My tongue was five inches away from its tongue. Fortunately it wasn’t the spitting kind. A Moroccan asked if I would like to have my picture taken for a fee with this snake, held by him at the jaws and wriggling on my shoulders.

Although I flipped out and ran away again, my sympathies were slipping. I wasn’t so much incensed by the presence of the snakes as by the commercial brutality of those abusing and exploiting them. I came away from Marrakesh with the sneaking suspicion that I have some sympathy with snakes.

Beyond the central square are the souks, dozens of alleyways with shops or cupboards selling exotic, colourful, clothes, jewellery, leather, metal, carpets, brass and Berber textiles of rich designs that reflect this Moroccan tribe’s ancestors, the Tartars in Russia.

This is the ‘boutique’ Marrakesh I had heard about, the part that almost put me off the visit.

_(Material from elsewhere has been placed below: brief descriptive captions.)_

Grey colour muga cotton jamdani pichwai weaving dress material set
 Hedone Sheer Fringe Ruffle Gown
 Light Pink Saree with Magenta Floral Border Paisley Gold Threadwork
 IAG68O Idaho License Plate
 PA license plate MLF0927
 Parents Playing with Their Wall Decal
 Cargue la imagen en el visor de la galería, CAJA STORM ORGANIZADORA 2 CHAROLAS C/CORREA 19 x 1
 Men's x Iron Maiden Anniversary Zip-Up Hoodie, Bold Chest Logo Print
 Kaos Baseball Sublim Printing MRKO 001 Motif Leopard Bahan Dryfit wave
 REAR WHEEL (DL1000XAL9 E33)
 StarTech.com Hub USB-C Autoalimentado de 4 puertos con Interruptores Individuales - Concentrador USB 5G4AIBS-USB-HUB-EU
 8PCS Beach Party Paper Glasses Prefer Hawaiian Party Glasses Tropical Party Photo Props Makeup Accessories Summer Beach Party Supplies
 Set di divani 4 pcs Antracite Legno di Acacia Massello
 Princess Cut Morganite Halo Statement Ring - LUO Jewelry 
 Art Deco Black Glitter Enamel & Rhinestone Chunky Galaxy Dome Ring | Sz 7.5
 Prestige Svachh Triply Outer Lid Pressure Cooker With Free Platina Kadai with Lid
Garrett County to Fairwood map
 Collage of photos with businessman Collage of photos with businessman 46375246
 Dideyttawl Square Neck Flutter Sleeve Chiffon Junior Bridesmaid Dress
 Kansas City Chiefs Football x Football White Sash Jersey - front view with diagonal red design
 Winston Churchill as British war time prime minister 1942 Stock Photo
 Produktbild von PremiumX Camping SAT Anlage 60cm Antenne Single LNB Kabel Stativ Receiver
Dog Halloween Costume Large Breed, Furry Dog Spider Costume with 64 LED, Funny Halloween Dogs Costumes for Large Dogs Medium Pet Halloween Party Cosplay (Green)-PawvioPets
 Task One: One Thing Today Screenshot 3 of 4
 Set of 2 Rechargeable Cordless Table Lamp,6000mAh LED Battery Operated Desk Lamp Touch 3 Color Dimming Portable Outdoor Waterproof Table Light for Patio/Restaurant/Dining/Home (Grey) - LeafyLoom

I thought it would be sanitised, cleaned up and presented for Western tourists. Nothing like that. It was raw yet refined, gracious but still growling.

Everywhere people were welcoming and inviting me to buy all of the objects on offer, then trying to sell me something else, mostly hashish. When I tried to deflect them by observing how vivid the colours were in the shop, filled to the brim with pottery and exotic glazes, they were ready with a retort: “The colours will be much more intense with this” and waived a giant joint in front of me.

The souks are a direct link with the early settlers of Marrakesh who lived by their wits and traded with Africans and Spanish travellers. But this rabbit warren of dens holds some surprises like the Black Magic Market where the discerning buyer can purchase everything needed for rituals like leeches and dead scorpions. “We also have hashish”, smiled one almost toothless man.

The Dyers Souk is a kaleidoscope of intertwining alleyways that turns into Tinkerbell territory when freshly dyed skeins of wool are hung out to dry above the alleys. You can easily spot the dyers – men with yellow, red, blue and purple colours all over their arms up to their elbows. They invited me to feel the wool…and the hashish.

Perhaps you have to have a certain kind of look before the gatekeepers of the drug dens unzip the underbelly of Marrakesh.

At the airport on the way back to England I met a 20 year-old couple who were disappointed with their experience in the city.

“There were no clubs and nothing exciting ever happened. We’d recommend Marrakesh as a safe place for our grandparents.”

Oxford Mail:

We ended our trip on a high. The food was magical – all of it – because we found a chain of three restaurants owned by a local Moroccan with a partner in New York City.

They wanted to create haute cuisine that people who lived in Marrakesh would want to feed their guests if they were hosting a dinner party.

They succeeded in spades.

The Nomad Café in the middle of the souks offered a roof-top view of this world heritage site.

The streets lit up below were a visual feast. The music from the mosques was a taste of the passion of the place.

The full moon started to rise over a market place that was packing up when our host arrived with hooded capes for us to wear and keep the chilled night air at bay.

Then the tagines, the couscous and the exquisite lambs arrived, surrounded by dishes that were a complete surprise and delight. The wine was local, delicious and inexpensive.

We also dined at another of the three restaurants, Le Jardin, an old majestic house turned into a culinary castle with several fireplaces so no capes this time, but the same high standard of food.

On the last day we had lunch al fresco at the Kosibar overlooking the original Badii Palace which took 25 years to build but is now a ruin, where storks fly in to land on the high six feet wide mud walls and build their huge nests. Feral cats prowl around the perimeter waiting for a chance to pounce The experience was like having a feast in a box at Covent Garden Opera House and watching this dance of death on the edge where nobody falls off and they just manage to keep it all together.

The whole visit was unmissable, irreverent and unrivalled.